▶ **Description of the task**
Extract only the lines from the start of the entries below to the line with "Flamingo Cushion(クッション/クッションカバー)|Numero74(ヌメロ) 【セール】Numero", inclusive; omit every picture.

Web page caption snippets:

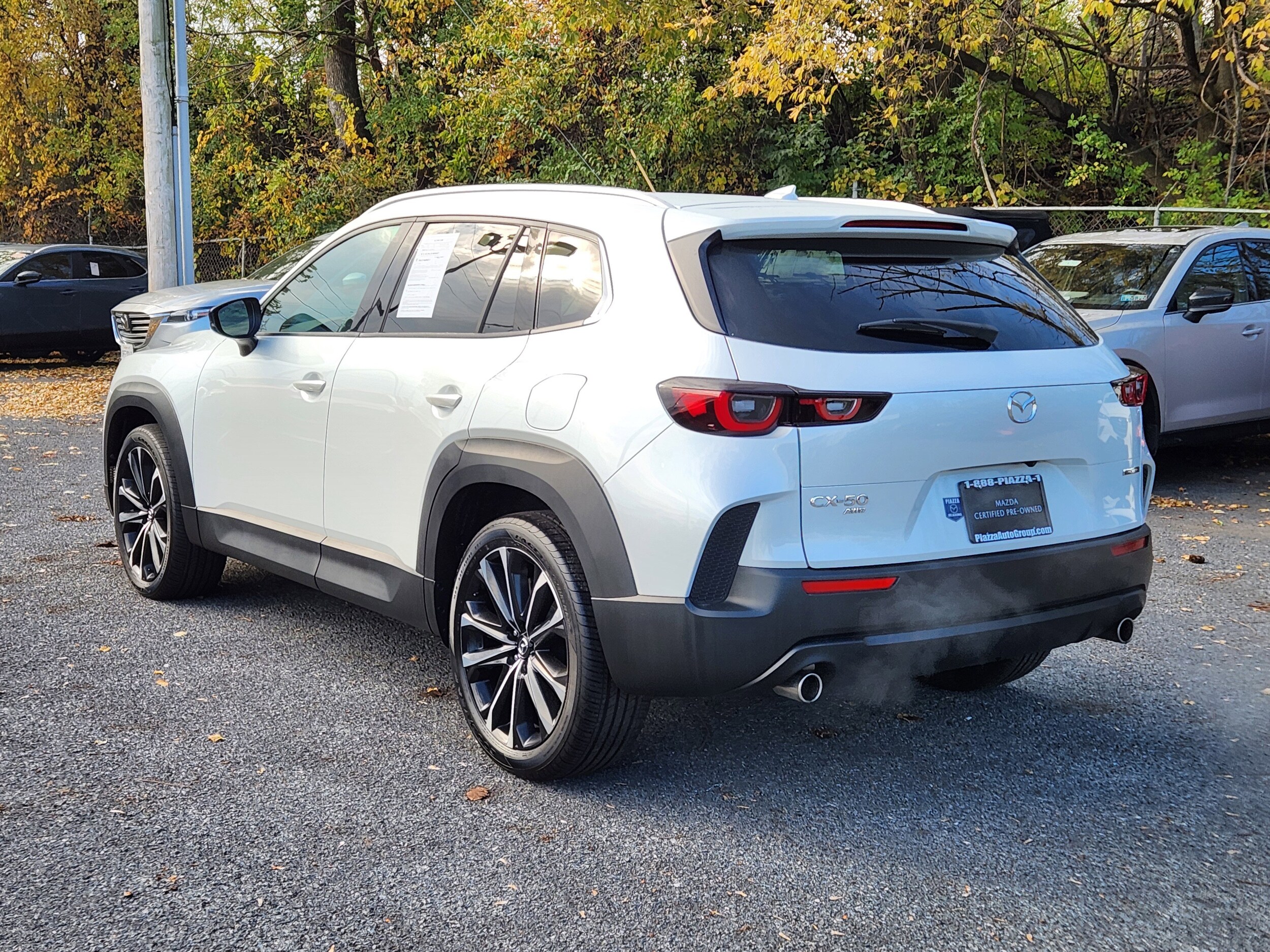 2024 Mazda CX-50 2.5 Premium Plus photo 3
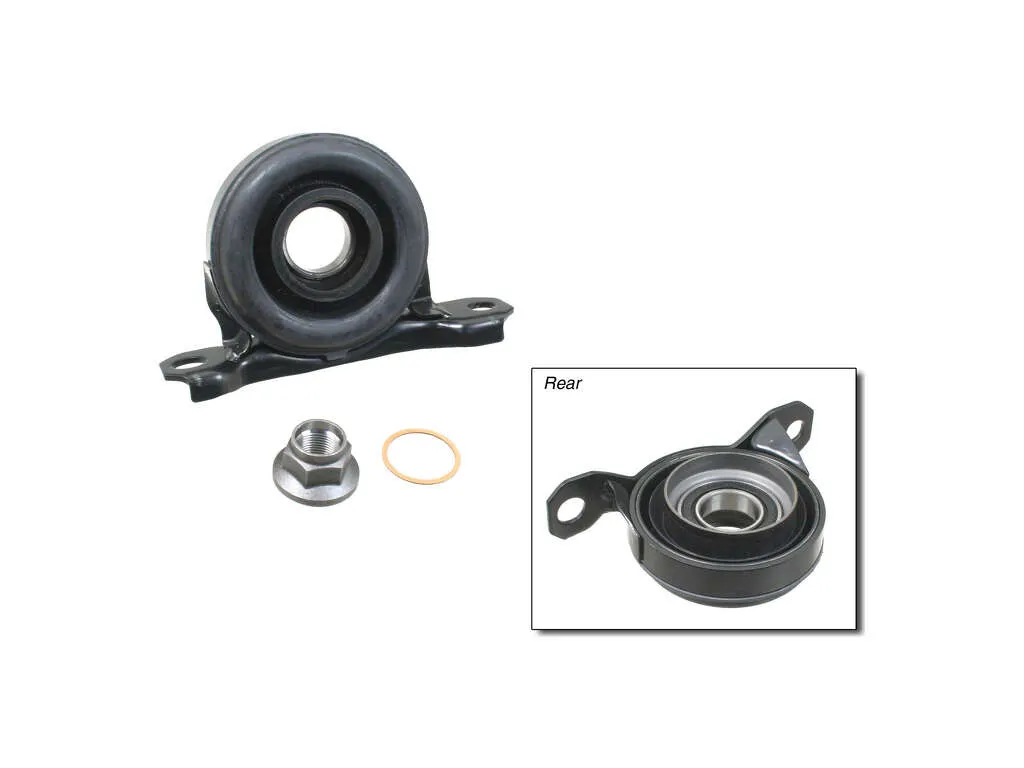 1990 Nissan 300ZX Drive Shaft Center Support Genuine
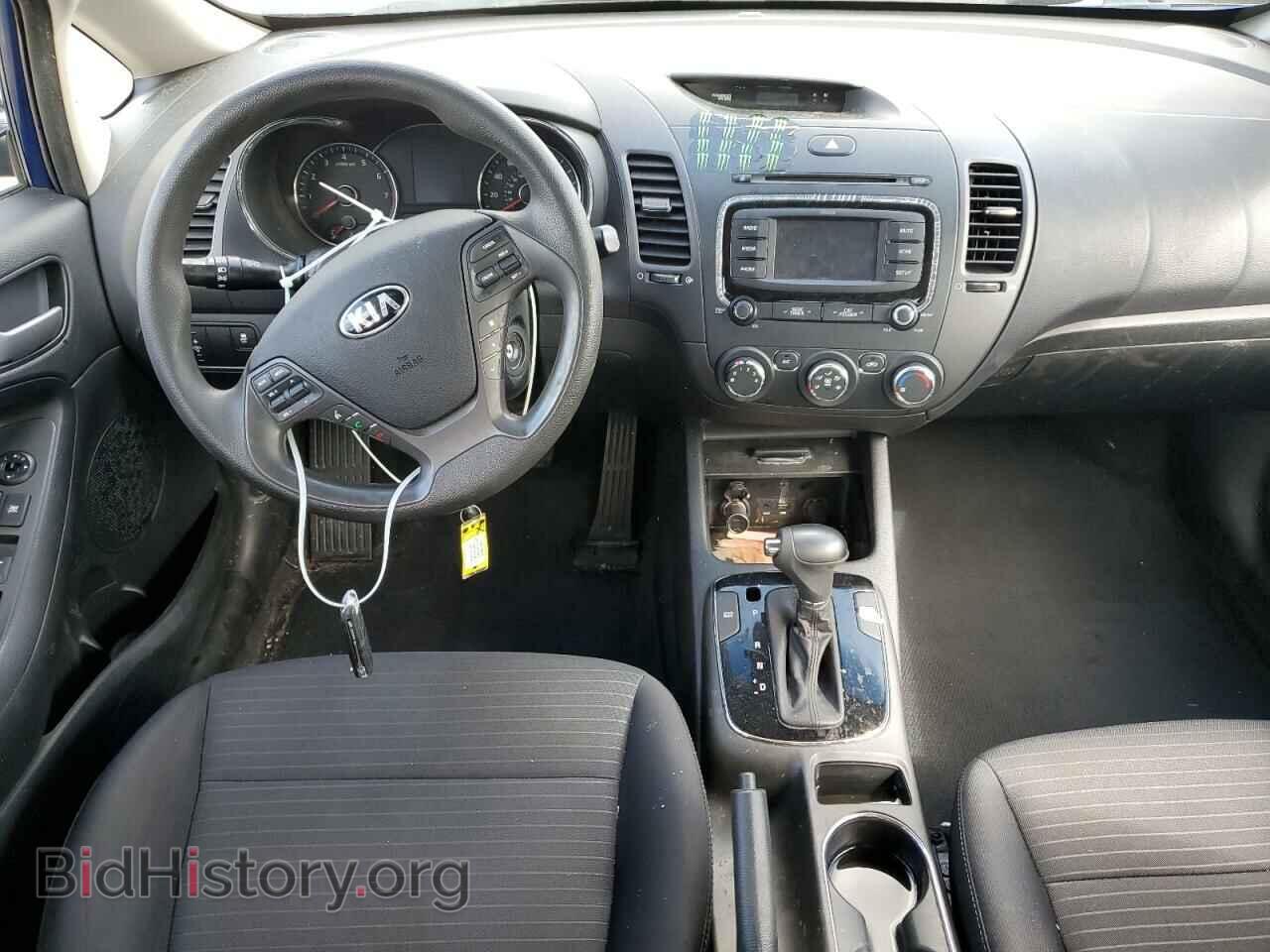 2017 KIA FORTE - VIN: 3KPFL4A73HE149378 - Фото 8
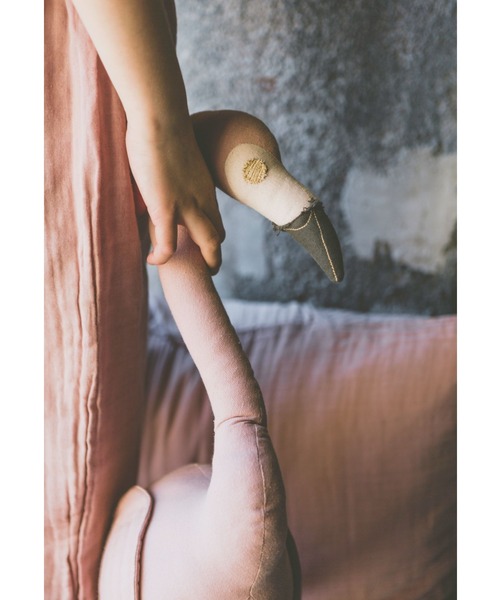 【セール】Numero 74/Polly Flamingo Cushion(クッション/クッションカバー)|Numero74(ヌメロ) 【セール】Numero 74/Polly Flamingo Cushion(クッション/クッションカバー)|Numero74(ヌメロ)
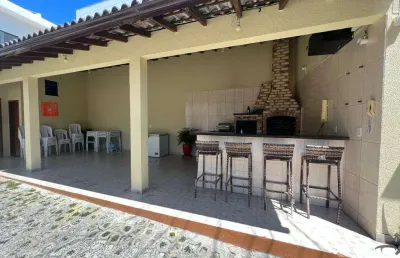 Oportunidade ímpar, casa em condomínio ao lado de vilas do atlântico, pronta  para morar!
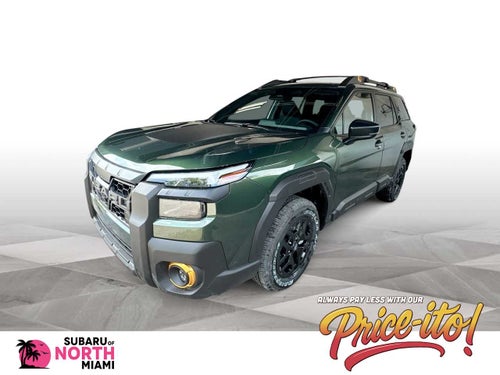 2026 Subaru OUTBACK Wilderness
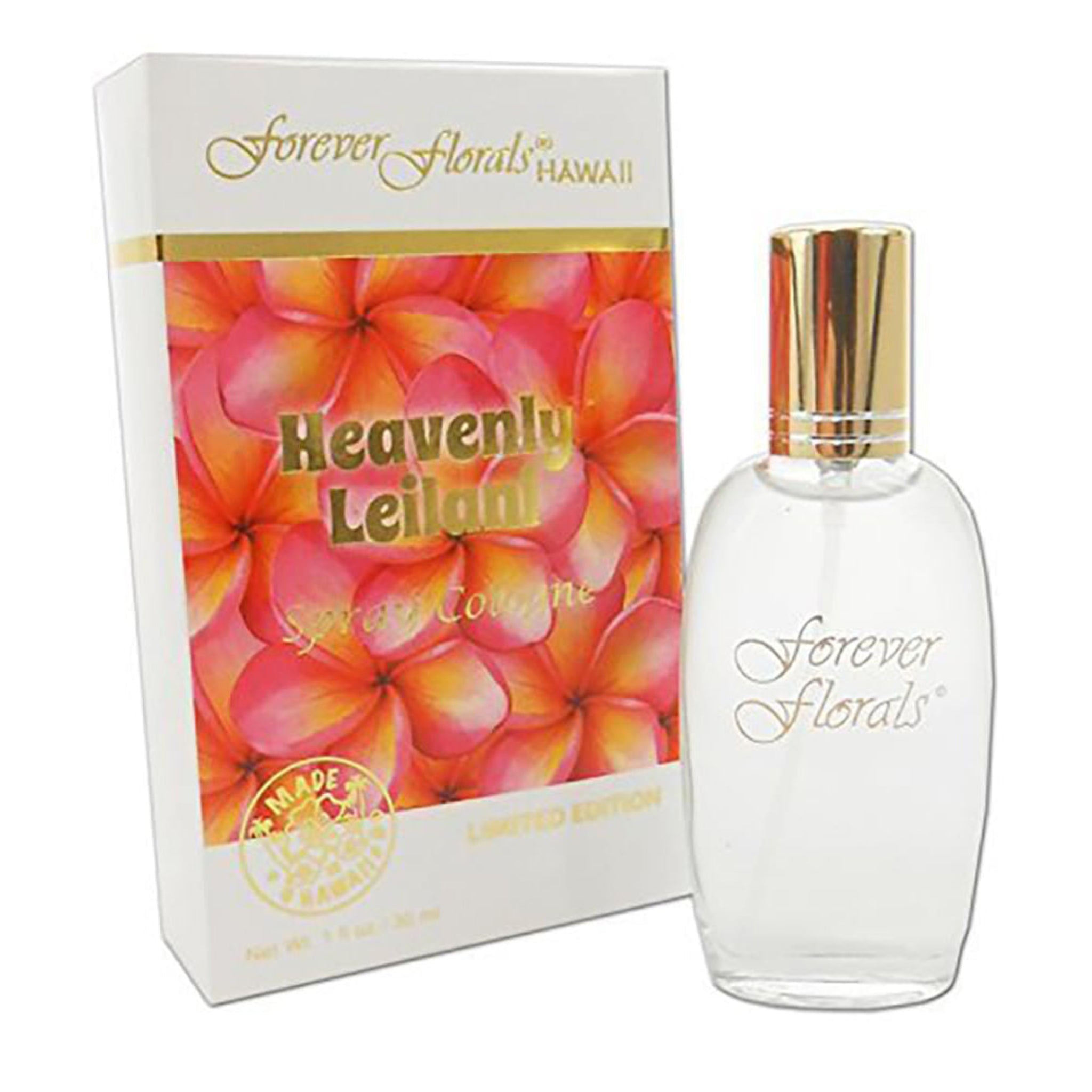 Forever Floral 1 oz. Spray Cologne Heavenly Leilani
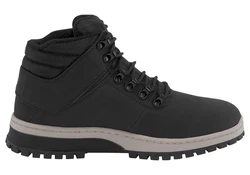 K1X Schnürboots Territory Superior Schwarz/Dunkelgrau/Braun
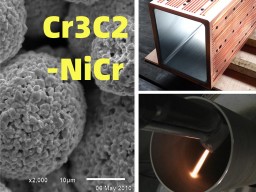 AMTmetalTech Chrome Carbide Cr3C2-NiCr HVOF Thermal Spraying Powder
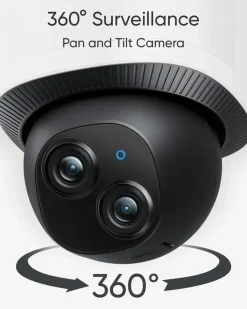 Eufy Floodlight Beveiligingscamera E340 Wired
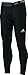 Adidas Mens Climalite Techfit Base Compression Long Tight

▶ **Result of the task**
 2024 Mazda CX-50 2.5 Premium Plus photo 3
 1990 Nissan 300ZX Drive Shaft Center Support Genuine
 2017 KIA FORTE - VIN: 3KPFL4A73HE149378 - Фото 8
 【セール】Numero 74/Polly Flamingo Cushion(クッション/クッションカバー)|Numero74(ヌメロ) 【セール】Numero 74/Polly Flamingo Cushion(クッション/クッションカバー)|Numero74(ヌメロ)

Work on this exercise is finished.